Sometimes a proof is an argument based on using pre-existing knowledge used in a clever way:
Theorem: For any positive integer $n$, we have $$\sum_{i=0}^n \left( {\begin{array}{*{20}c} n \\ i \\ \end{array}} \right) = 2^n$$
Proof: The Binomial Theorem states that for any $x$ and $y$, $$(x+y)^n = \sum_{i=0}^n \left( {\begin{array}{*{20}c} n \\ i \\ \end{array}} \right) x^{n-i}y^i$$ To get the result in the theorem statement, just plug in $x=1$ and $y=1$. On the left side of the Binomial Theorem we get $(1+1)^n = 2^n$. On the right side, we get $$\sum_{i=0}^n \left( {\begin{array}{*{20}c} n \\ i \\ \end{array}} \right) 1^{n-i}1^i = \sum_{i=0}^n \left( {\begin{array}{*{20}c} n \\ i \\ \end{array}} \right)$$ This is what we wanted to show, so we are done. $\square$
Aside: Once a conjecture has been proven, we call it a theorem (sometimes "proposition"). And in a proof of a theorem we often put some kind of symbol at the end to tell the reader we are done; here, I used a square $\square$.
So that's a clever use of the Binomial Theorem to prove an interesting result. But it may leave you with a very important question: How do we know that the Binomial Theorem is true? That's a good question because we want to ask Why is this true? for any mathematical result we meet. Technically we should treat the proof above as a tentative proof, contingent on our finding a proof for the Binomial Theorem.
At other times a proof uses definitions of terms and puts them together in logical ways to derive something new. For example, here's an important pair of definitions:
Definition: An integer $n$ is said to be even if there is an integer $k$ such that $n = 2k$. An integer $n$ is said to be odd if there is an integer $k$ such that $n = 2k+1$.
For example, $48$ is even because $48 = 2 \cdot 24$; and $77$ is odd because $77 = 76 + 1 = 2\cdot 38 + 1$.
Using these definitions of even and odd numbers, we can prove a result we have taken for granted for a long while:
Theorem: An even number times an odd number is an even number.
Proof: Suppose $a$ is even and $b$ is odd.

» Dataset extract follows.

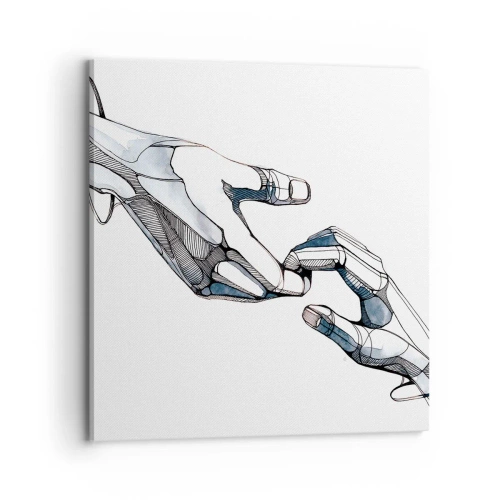 Canvastavla - Bild på duk - God gest - 70x70 cm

Then there exist integers $x$ and $y$ such that $a = 2x$ and $b = 2y+1$. Multiplying these together gives us: $$ab = (2x)(2y+1) = 2(2xy + x)$$ Since $x$ and $y$ are integers, $2xy + x$ is also an integer. Therefore we have expressed $ab$ as $2c$ where $c$ is an integer. Hence $ab$ is even. $\square$
Note the structure of this second proof. We started off by making an assumption: That we have two integers, and they are called $a$ and $b$ with $a$ even and $b$ odd. In other words we begin by assuming we have the information needed to argue the result. Then, we used the definition of even and odd to rewrite the objects involved in a different form -- for example, $a = 2x$ for some integer $x$. Then we progressed logically by making mathematical steps and using definitions again to arrive at our result, and we clearly state when we have finished.
Questions for you to consider about this proof:
Now consider this proposition:
For every $n \in \mathbb{Z}$, if $n$ is even then $n^2$ is even.

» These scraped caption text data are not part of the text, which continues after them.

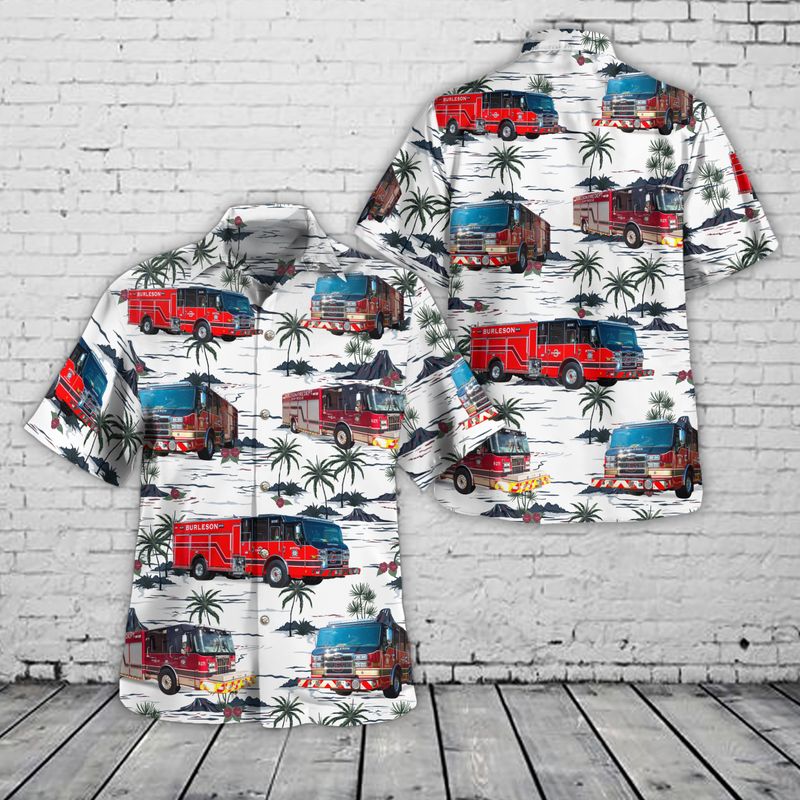 Burleson Fire Department Hawaiian Shirt – Hothot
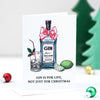 'Gin is for Life' Funny Gin Christmas Card Christmas Cards Of Life & Lemons 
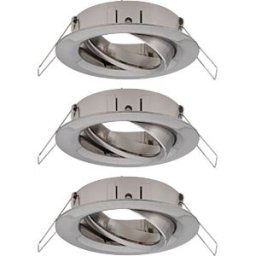 PAULMANN PLM 92485 - Installation frame for recessed spotlights, max. 3x10 W, 50°, ro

This is a special kind of proposition because it is a conditional statement or "if-then" statement. These are very common in mathematics and in CS, and we can use some of our logic knowledge to help in constructing a proof.
First, recall that the hypothesis of a conditional statement is the "if" part; and the "then" part is called the conclusion. Here, "$n$ is even" is the hypothesis and "$n^2$ is even" is the conclusion.
Second, recall the truth table of a conditional statement "If $p$, then $q$":
$p$ | $q$ | $p \rightarrow q$ |
---|---|---|
1 | 1 | 1 |
1 | 0 | 0 |
0 | 1 | 1 |
0 | 0 | 1 |
Whenever the hypothesis of a conditional statement is false, the conditional statement is true. Therefore, if we are trying to prove that a conditional statement is true, we can ignore any situation in which the hypothesis is false because the conditional statement is true automatically in that case. That is: We can assume that the hypothesis is true when proving a conditional statement.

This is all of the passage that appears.